Microsoft has patched it as part of the July 2022 Patch Tuesday, and it classified it as a zero-day as it was abused in attacks before a fix was available.
“An attacker who successfully exploited this vulnerability could gain SYSTEM privileges,” Microsoft explained in a security advisory published today.
Redmond says the vulnerability was discovered internally by the Microsoft Threat Intelligence Center (MSTIC) and Microsoft Security Response Center (MSRC).
BleepingComputer has also reached out to Microsoft earlier today with questions about how this vulnerability was used in attacks.
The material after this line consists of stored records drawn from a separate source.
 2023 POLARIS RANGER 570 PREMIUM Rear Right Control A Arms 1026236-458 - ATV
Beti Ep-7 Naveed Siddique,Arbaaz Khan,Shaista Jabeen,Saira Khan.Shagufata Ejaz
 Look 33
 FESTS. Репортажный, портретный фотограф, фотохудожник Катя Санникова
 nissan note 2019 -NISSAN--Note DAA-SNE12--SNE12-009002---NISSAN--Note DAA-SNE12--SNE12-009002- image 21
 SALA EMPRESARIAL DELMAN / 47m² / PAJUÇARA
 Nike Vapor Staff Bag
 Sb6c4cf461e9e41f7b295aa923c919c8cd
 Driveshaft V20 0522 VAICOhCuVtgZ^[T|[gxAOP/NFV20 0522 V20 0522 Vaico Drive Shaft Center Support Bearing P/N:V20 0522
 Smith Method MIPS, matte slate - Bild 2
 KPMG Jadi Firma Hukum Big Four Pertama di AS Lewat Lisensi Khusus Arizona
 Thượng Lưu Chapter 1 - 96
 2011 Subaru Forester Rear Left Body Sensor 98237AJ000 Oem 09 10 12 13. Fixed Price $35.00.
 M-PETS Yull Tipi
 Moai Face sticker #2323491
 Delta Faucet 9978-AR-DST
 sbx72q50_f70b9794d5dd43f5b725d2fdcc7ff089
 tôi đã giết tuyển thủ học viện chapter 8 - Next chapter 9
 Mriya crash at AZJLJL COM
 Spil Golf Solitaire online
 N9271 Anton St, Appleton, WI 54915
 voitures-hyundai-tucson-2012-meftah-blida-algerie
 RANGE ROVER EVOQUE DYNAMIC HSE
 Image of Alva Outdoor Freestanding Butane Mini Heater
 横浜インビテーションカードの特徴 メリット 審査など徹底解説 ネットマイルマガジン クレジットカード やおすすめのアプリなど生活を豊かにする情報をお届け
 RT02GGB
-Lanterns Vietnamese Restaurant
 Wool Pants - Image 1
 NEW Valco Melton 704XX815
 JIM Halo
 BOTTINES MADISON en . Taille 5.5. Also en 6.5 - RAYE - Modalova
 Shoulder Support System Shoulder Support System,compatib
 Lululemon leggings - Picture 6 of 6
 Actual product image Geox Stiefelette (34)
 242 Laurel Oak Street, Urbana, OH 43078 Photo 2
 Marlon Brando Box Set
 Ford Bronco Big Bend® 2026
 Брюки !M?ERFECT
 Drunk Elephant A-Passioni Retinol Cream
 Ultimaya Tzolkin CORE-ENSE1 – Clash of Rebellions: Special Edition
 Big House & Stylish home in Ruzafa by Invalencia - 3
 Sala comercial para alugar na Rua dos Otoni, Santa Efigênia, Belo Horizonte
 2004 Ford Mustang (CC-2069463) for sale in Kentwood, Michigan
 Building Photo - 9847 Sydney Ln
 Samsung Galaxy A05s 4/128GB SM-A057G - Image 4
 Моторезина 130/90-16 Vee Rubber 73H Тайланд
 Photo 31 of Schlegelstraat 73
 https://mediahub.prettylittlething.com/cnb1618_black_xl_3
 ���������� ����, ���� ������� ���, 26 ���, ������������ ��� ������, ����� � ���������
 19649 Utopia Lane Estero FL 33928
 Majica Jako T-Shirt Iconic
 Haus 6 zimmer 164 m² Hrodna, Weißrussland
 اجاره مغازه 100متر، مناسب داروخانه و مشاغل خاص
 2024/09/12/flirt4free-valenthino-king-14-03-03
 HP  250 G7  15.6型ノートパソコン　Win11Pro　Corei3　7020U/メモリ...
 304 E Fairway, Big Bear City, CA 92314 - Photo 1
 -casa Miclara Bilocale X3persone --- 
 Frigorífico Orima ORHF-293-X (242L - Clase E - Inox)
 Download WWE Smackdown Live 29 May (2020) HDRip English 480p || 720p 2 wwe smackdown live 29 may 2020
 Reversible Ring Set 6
Federal agencies given three weeks to patch
CISA has given the agencies three weeks, until August 2nd, to patch the actively exploited CVE-2022-22047 vulnerability and block ongoing attacks that could target their systems.
According to a binding operational directive (BOD 22-01) issued in November, all Federal Civilian Executive Branch Agencies (FCEB) agencies are required to secure their networks against security flaws added to CISA’s catalog of Known Exploited Vulnerabilities (KEV).
Although the BOD 22-01 directive only applies to US federal agencies, CISA also strongly urges all organizations across the US to fix this Windows CSRSS elevation of privilege bug to thwart attackers’ attempts to escalate privileges on unpatched Windows systems.
“These types of vulnerabilities are a frequent attack vector for malicious cyber actors and pose significant risk to the federal enterprise,” the US cybersecurity agency explained today.
Since BOD 22-01 was issued, CISA has added hundreds of security vulnerabilities to its list of bugs exploited in attacks, ordering US federal agencies to patch their systems as soon as possible to prevent breaches.